* Directions
A word-for-word copy of the following listing is needed. Leave out its images.

* Supplied information
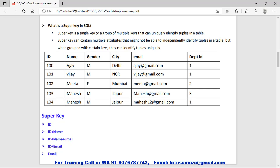First of all we will discuss the super key. What is a super key? Super key is an attribute — attributes means columns of the table like the id, name, gender, city, email or department name. Super key means which column or attribute can identify the row uniquely. Sometimes a single or combination of multiple attributes can also identify the rows uniquely, and those keys are also called the super key.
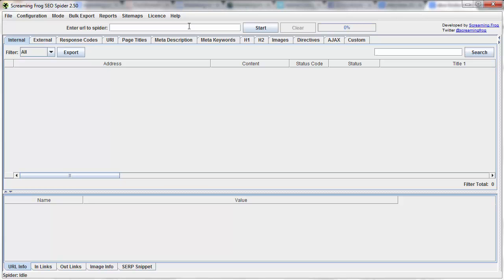Hey everyone, this is Tori Cushing with Authority Labs, and today I'm just going to walk you through how to use Screaming Frog in conjunction with Excel.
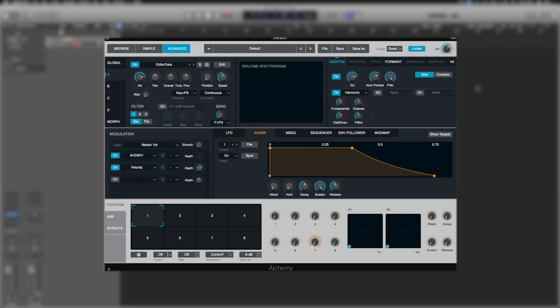So that's been a quick introduction to Alchemy. In the next video, we're going to have a look at diving deeper with the additive oscillator. Look forward to seeing you on the next one.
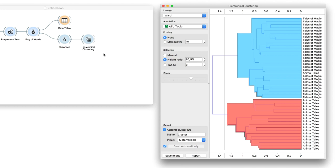Except for one part, where animal tales and tales of magic are mixed. Can we figure out why they're mixed?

* Exercise solution
First of all we will discuss the super key. What is a super key? Super key is an attribute — attributes means columns of the table like the id, name, gender, city, email or department name. Super key means which column or attribute can identify the row uniquely. Sometimes a single or combination of multiple attributes can also identify the rows uniquely, and those keys are also called the super key.
Hey everyone, this is Tori Cushing with Authority Labs, and today I'm just going to walk you through how to use Screaming Frog in conjunction with Excel.
So that's been a quick introduction to Alchemy. In the next video, we're going to have a look at diving deeper with the additive oscillator. Look forward to seeing you on the next one.
Except for one part, where animal tales and tales of magic are mixed. Can we figure out why they're mixed?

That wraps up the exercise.